Source data -

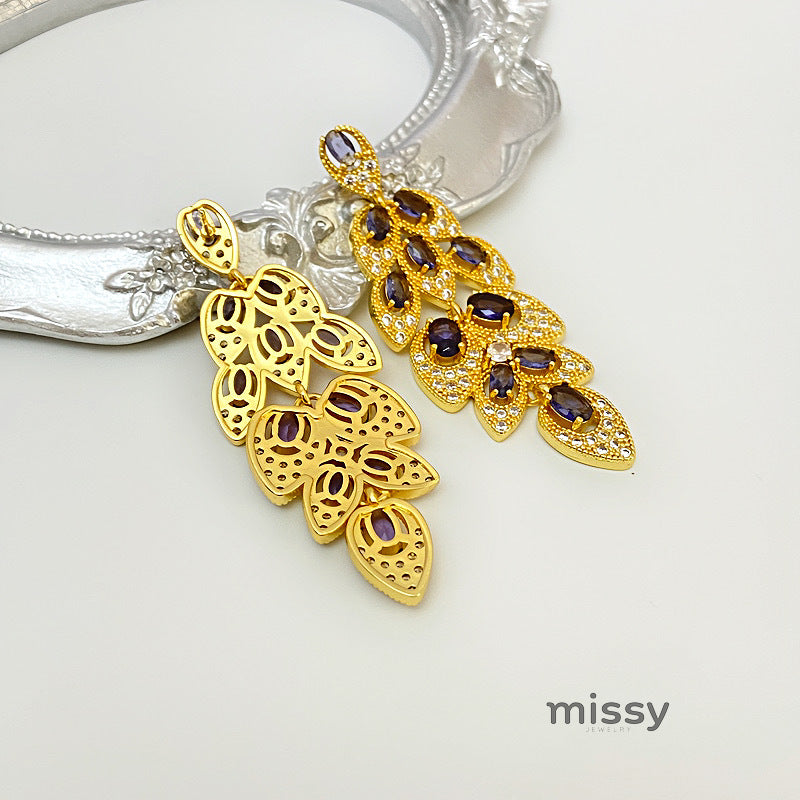 Avangeline Zircon Leaf Earrings [6B5PAF7H]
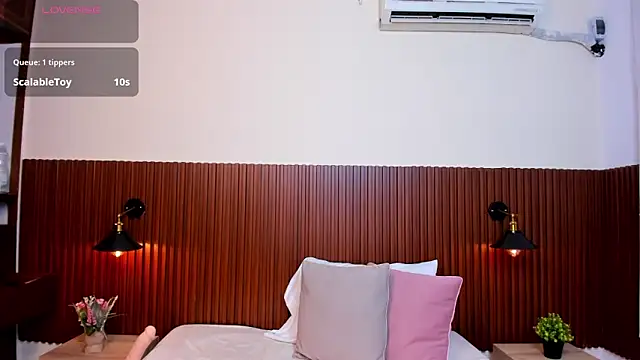 chanel brunette online show from 24, 2, 2025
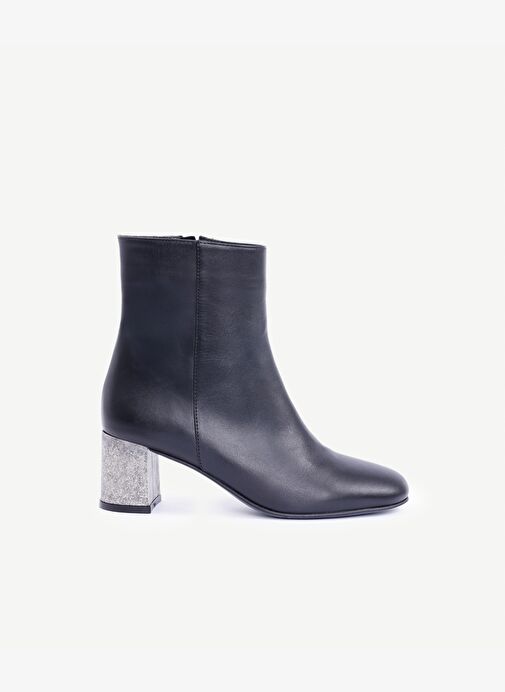Metal Ökçeli Deri Topuklu Bot - Görsel 2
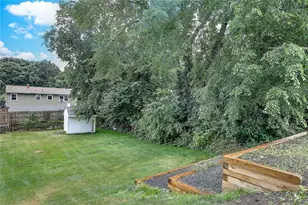 140 Lexington Ave, North Providence, RI 02904 - Photo 44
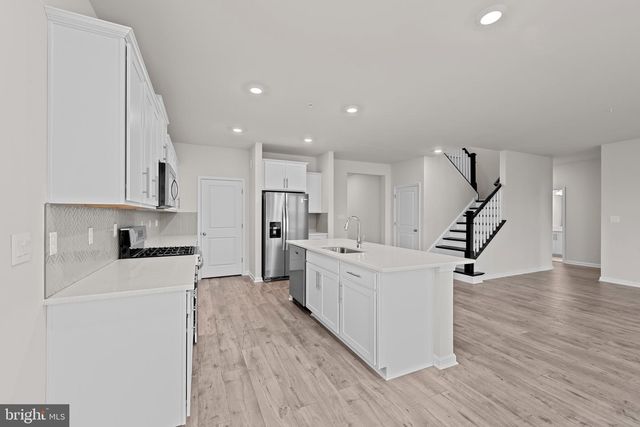 8120 CYPRESS POINT DR, Rosedale, MD 21237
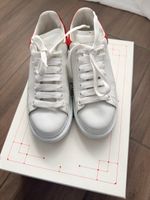 Alexander Mcqueen - sneakers blanc et rouge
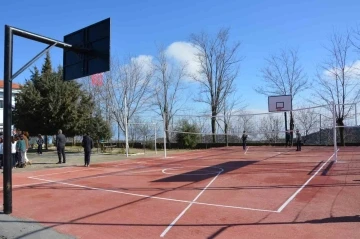 Babadağ Belediyesi, Mollaahmetler Mahallesine spor sahası kazandırdı
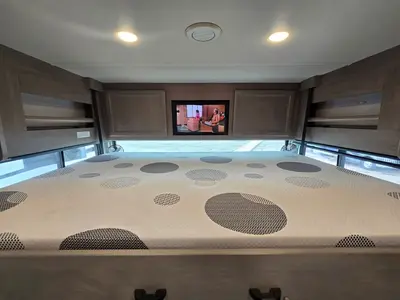 2024 Fleetwood Bounder photo 4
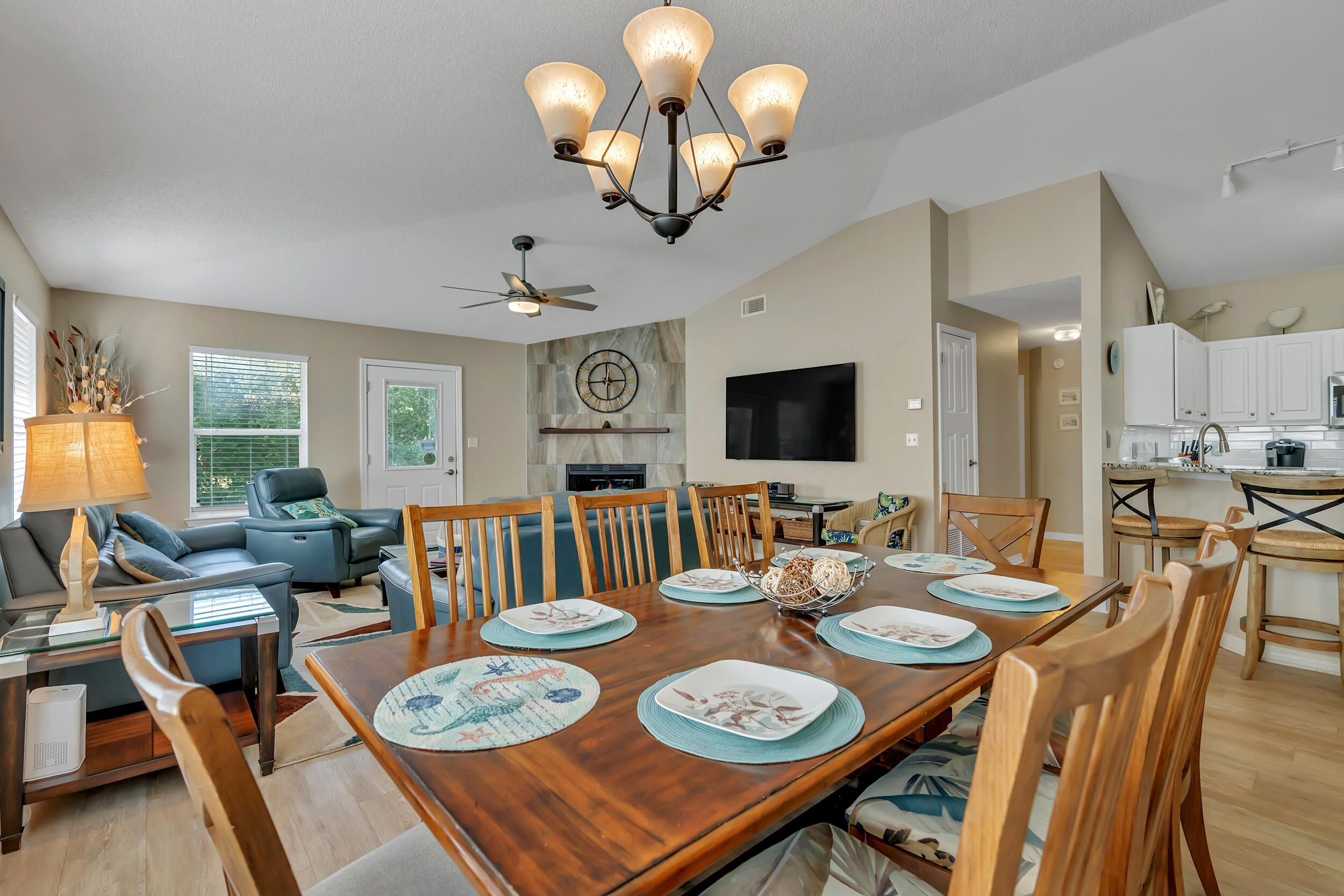 MARAVILLA COTTAGES - Residential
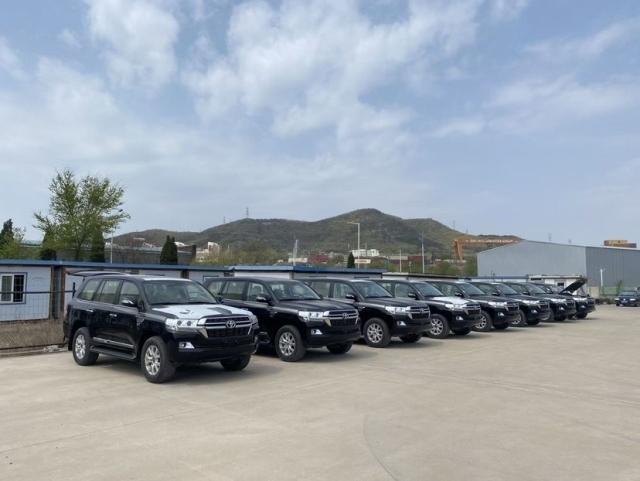 23款中东版酷路泽5700v8顶配天津港最后现车销售-车讯网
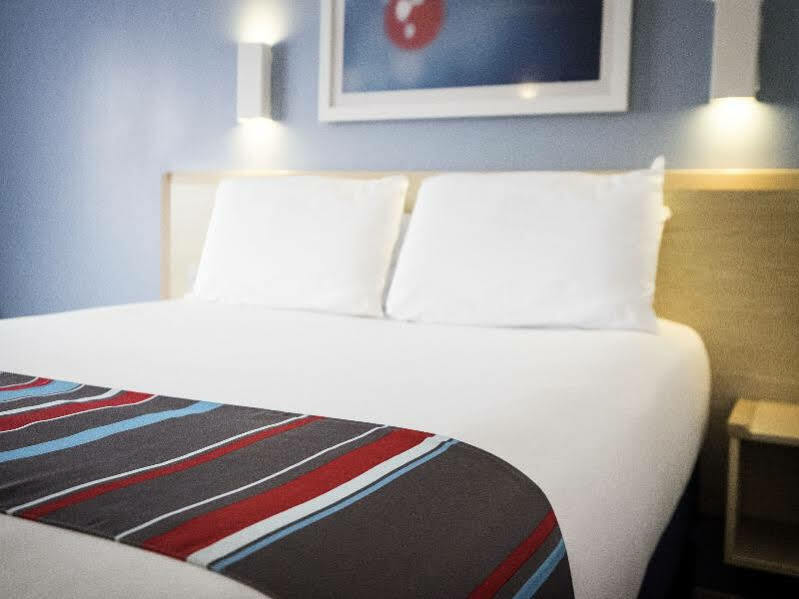 Travelodge Dublin Airport North 'Swords' Экстерьер фото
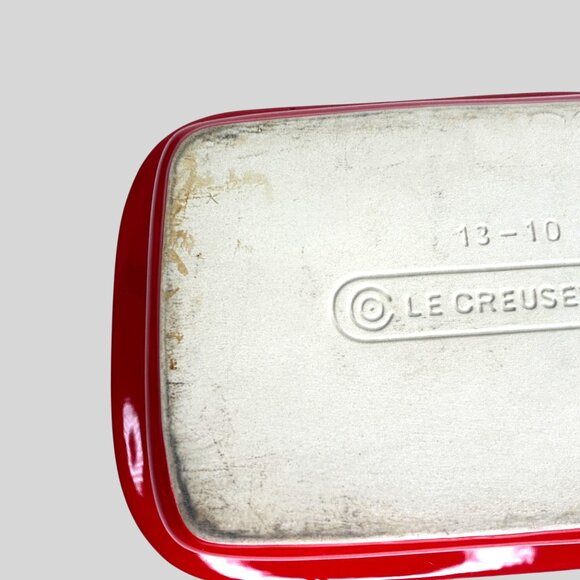 Le Creuset Red Cream Rectangular Stoneware Baking Dish 12" no lid - Picture 5 of 8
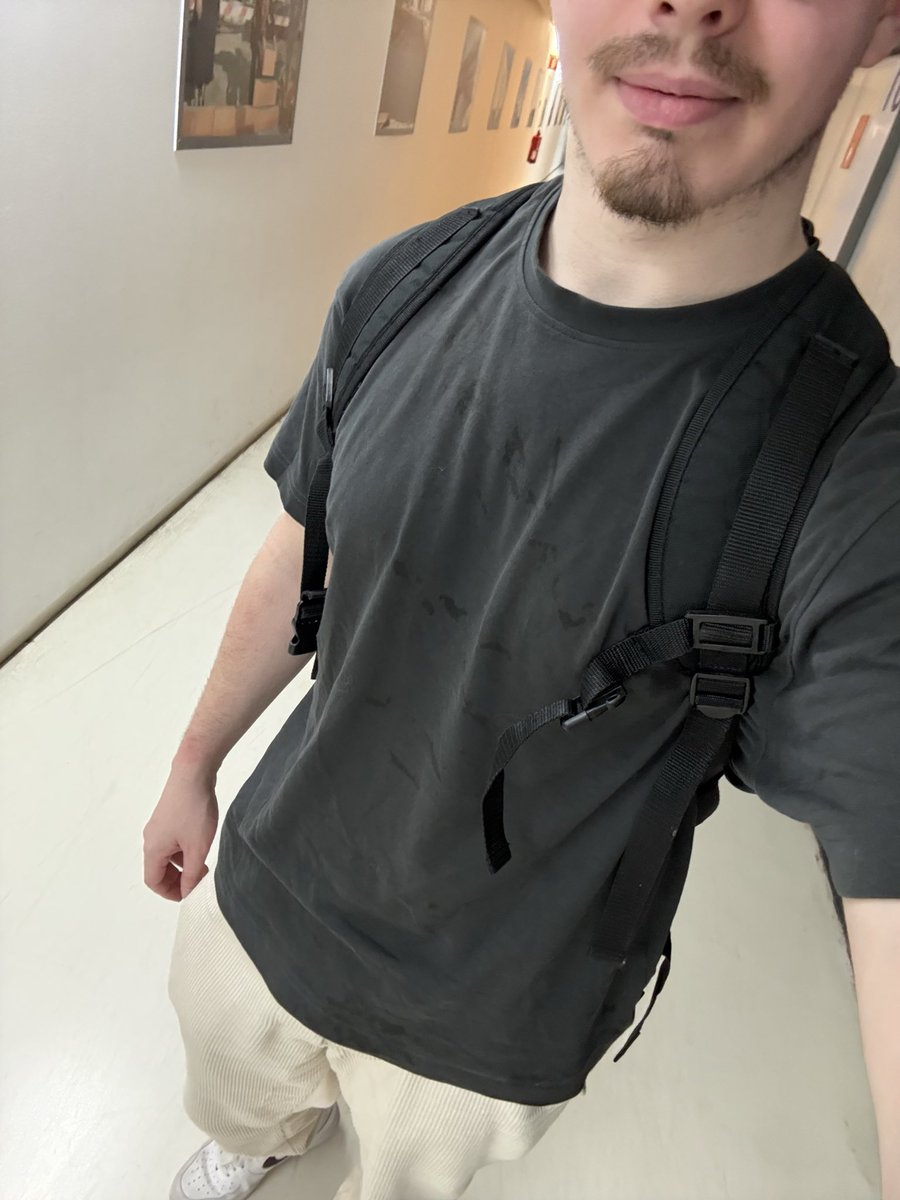 Heisenburger tweet media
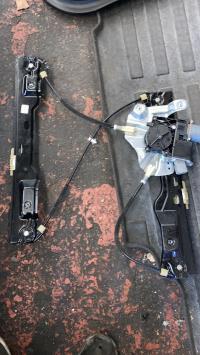 Mecanisme de leve vitre electrique avant gauche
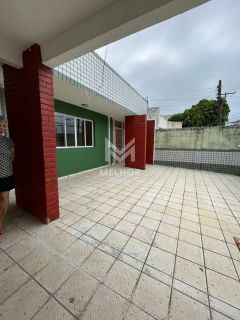 CASA COM 4 QUARTOS EM PIEDADE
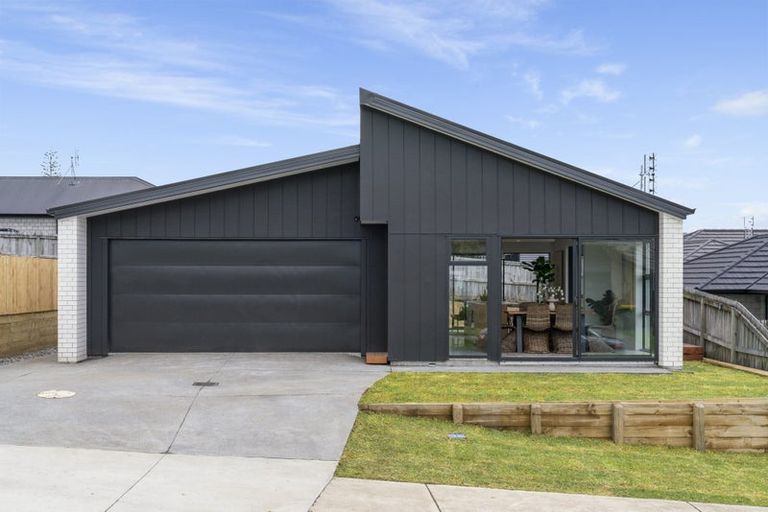 Photo of property in 7 Kayelene Place, Omokoroa, 3114
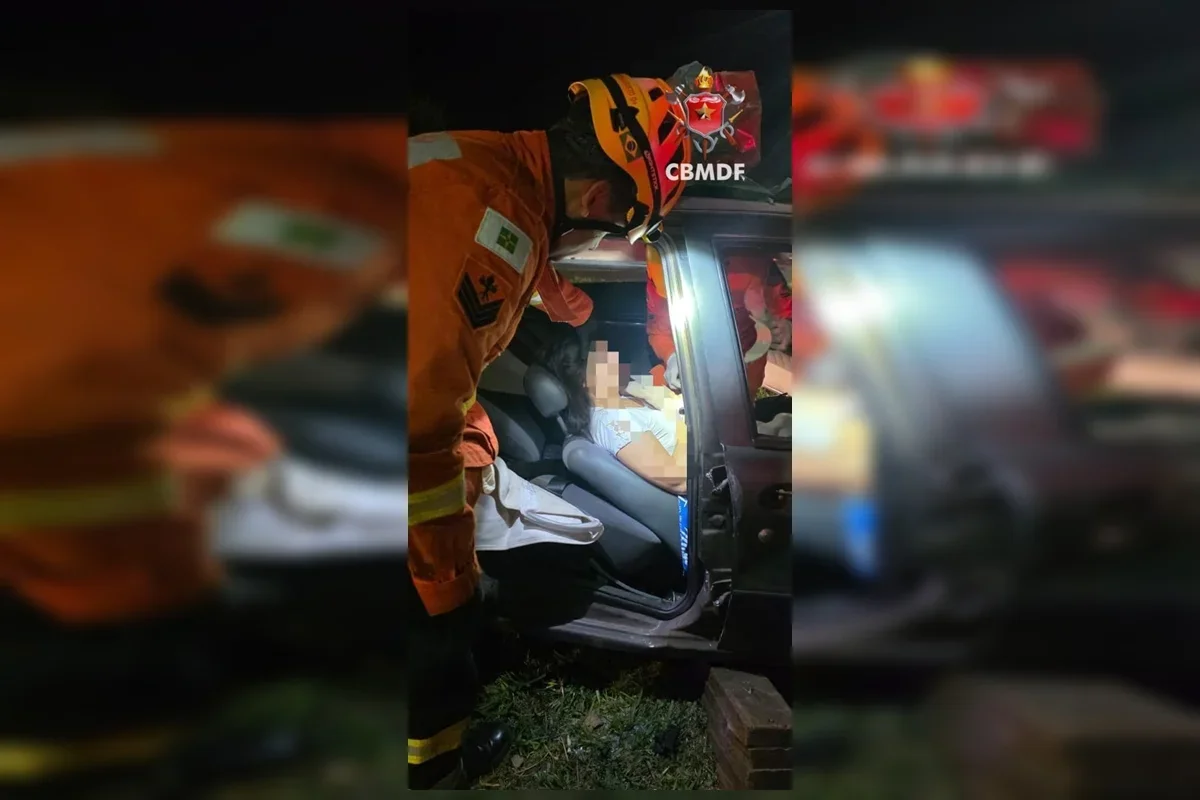 Mulher fica presa às ferragens após acidente no Riacho Fundo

Goal of the exercise - Leaving out the pictures, restate each line of the listing above verbatim, from the opening line to the line bearing "Mecanisme de leve", inclusive, and no more.

Exercise solution -
 Avangeline Zircon Leaf Earrings [6B5PAF7H]
 chanel brunette online show from 24, 2, 2025
Metal Ökçeli Deri Topuklu Bot - Görsel 2
 140 Lexington Ave, North Providence, RI 02904 - Photo 44
 8120 CYPRESS POINT DR, Rosedale, MD 21237
 Alexander Mcqueen - sneakers blanc et rouge
 Babadağ Belediyesi, Mollaahmetler Mahallesine spor sahası kazandırdı
 2024 Fleetwood Bounder photo 4
 MARAVILLA COTTAGES - Residential
 23款中东版酷路泽5700v8顶配天津港最后现车销售-车讯网
 Travelodge Dublin Airport North 'Swords' Экстерьер фото
 Le Creuset Red Cream Rectangular Stoneware Baking Dish 12" no lid - Picture 5 of 8
 Heisenburger tweet media
 Mecanisme de leve vitre electrique avant gauche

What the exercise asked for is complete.